Lesson structure (45 minutes)

  1. 0–5 min · Hook + goal setting. Teacher shows 2 quick photo cards of plants/plant parts and asks: “What part of the plant do you notice first, and what do you see that makes you think that?” Students turn-and-talk, then share.

  2. 5–12 min · Teach: identifying + sketching supports writing. Teacher introduces a simple plant-parts observing routine: look closely → name the part → notice one feature (shape/colour/texture) → decide where to label it on the sketch. Students practise with a provided printed plant diagram, labelling one part and adding one detail.

  3. 12–28 min · Nature walk: notice and collect details. Teacher leads students in small groups to observe real plants (school garden/nearby safe area). Teacher prompts: “Find a leaf (or flower). What shape is it? What colour? Does it have edges? Where could we label this?” Students complete a quick “notice sheet” with 2 plant parts and 1 feature for each, then do one pencil sketch of the chosen plant part with a label. (Teacher circulates to check that they are naming external parts accurately.)

  4. 28–34 min · Direct teach: planning the acrostic (talk first). Teacher models an acrostic plan on the board using one target word (e.g., LEAVES). Teacher thinks aloud: “My goal is to write 6 short lines. I will start line 1 with L. Before writing, I will say the whole line in my head and make sure it matches what I noticed.” Students help by suggesting short sentence fragments for two letters.

  5. 34–42 min · Guided planning + writing: acrostic poem. Teacher distributes planning strips: “Word for my acrostic: ____ / My lines (say first, then write).” Students choose one plant-parts word (class options: LEAVES, STEM, FLOWER, ROOTS, FRUIT) and plan by whispering each line to themselves or a partner before writing it on the poem template. Target expectation: each line begins with the correct letter and includes one detail from their sketch/notice sheet.

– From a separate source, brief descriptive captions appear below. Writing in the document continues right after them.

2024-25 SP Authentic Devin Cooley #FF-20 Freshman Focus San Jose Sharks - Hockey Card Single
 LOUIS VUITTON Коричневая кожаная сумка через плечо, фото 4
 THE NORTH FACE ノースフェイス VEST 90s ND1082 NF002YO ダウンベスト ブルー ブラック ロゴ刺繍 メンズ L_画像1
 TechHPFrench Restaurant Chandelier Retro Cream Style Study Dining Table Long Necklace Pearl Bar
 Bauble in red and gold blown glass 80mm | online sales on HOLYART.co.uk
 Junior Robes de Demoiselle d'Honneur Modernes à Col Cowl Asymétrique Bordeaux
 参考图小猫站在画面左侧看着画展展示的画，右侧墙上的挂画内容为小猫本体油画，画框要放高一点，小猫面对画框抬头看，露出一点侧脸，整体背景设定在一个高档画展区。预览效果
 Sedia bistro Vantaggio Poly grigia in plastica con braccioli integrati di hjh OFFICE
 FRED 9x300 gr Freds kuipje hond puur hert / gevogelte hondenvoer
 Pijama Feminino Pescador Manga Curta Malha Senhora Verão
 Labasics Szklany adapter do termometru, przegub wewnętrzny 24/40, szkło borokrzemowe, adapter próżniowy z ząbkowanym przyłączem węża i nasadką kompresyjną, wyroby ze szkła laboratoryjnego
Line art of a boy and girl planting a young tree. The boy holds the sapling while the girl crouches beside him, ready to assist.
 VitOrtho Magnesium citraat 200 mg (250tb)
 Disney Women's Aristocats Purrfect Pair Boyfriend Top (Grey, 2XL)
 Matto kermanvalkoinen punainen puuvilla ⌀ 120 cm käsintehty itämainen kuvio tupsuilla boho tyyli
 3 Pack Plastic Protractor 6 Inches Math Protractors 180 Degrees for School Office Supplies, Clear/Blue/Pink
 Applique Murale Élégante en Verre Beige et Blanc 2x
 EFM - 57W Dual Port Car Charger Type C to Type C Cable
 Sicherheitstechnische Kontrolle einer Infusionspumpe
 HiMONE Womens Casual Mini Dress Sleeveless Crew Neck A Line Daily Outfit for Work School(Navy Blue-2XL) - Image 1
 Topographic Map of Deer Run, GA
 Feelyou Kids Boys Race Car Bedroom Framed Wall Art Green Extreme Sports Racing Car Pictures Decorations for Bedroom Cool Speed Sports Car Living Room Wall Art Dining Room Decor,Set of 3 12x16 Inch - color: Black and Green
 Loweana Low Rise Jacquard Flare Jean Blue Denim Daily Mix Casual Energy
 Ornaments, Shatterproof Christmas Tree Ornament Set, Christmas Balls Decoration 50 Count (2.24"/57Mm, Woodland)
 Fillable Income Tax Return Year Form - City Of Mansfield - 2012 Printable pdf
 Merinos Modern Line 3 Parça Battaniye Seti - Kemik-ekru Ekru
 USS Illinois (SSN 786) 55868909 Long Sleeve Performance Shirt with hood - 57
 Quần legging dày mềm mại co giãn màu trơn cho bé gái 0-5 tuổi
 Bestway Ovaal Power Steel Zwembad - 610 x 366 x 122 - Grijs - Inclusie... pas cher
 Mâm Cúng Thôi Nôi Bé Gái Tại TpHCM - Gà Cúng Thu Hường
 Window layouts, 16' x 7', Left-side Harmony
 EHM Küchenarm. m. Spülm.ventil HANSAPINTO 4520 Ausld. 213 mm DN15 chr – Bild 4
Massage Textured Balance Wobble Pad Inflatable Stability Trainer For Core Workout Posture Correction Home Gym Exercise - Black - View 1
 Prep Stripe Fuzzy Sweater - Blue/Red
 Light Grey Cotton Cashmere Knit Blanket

  6. 42–45 min · Share + exit check. Students do a “gallery share” (stand and read) in pairs or groups of 4. Teacher asks each pair to answer: “Which letter did you find easiest, and which line uses your best observation detail?” Students then hand in or show their completed acrostic template.

Resources

  • Plant parts notice sheets (2 parts + 1 feature each)
  • Pencil sketch paper with a simple label space
  • Clipboards and pencils for nature walk
  • Printed plant parts word cards (LEAVES, STEM, FLOWER, ROOTS, FRUIT)
  • Acrostic poem templates with the chosen word written down the side
  • Class anchor chart: “Look → Name → Feature → Label”
  • Timer for walk planning and writing blocks
  • Teacher phone/camera (optional) for quick photo prompts

Assessment

  • During the walk: use a quick checklist to note whether students can correctly name at least one external plant part and identify a feature they observed.
  • During planning/writing: observe whether students plan by speaking/thinking first and whether each acrostic line starts with the correct letter.
  • Exit check: collect one acrostic template or use a 10-second teacher conference per group to confirm accuracy of plant part naming and letter matching.

Differentiation

  • Support: provide sentence starters on templates (e.g., “L is for ___ because I saw ___.” / “S is for ___ with ___.”). Offer a model acrostic for each target word and a word bank of observable features (green, long, round, veiny, prickly, smooth).
  • Support for reluctant writers: allow “sentence fragments” as long as they still start with the correct letter and include an observation detail.
  • Extension: challenge students to add one extra line that explains how the plant part helps the plant (e.g., “E is for… it helps the plant drink.”) while keeping to the acrostic goal for the letter lines.
  • EAL/SEN considerations: pre-teach key observation words with gestures (leaf, stem, roots, flower, smooth, rough). Allow oral planning with a partner before independent writing. Provide visual word cards during writing.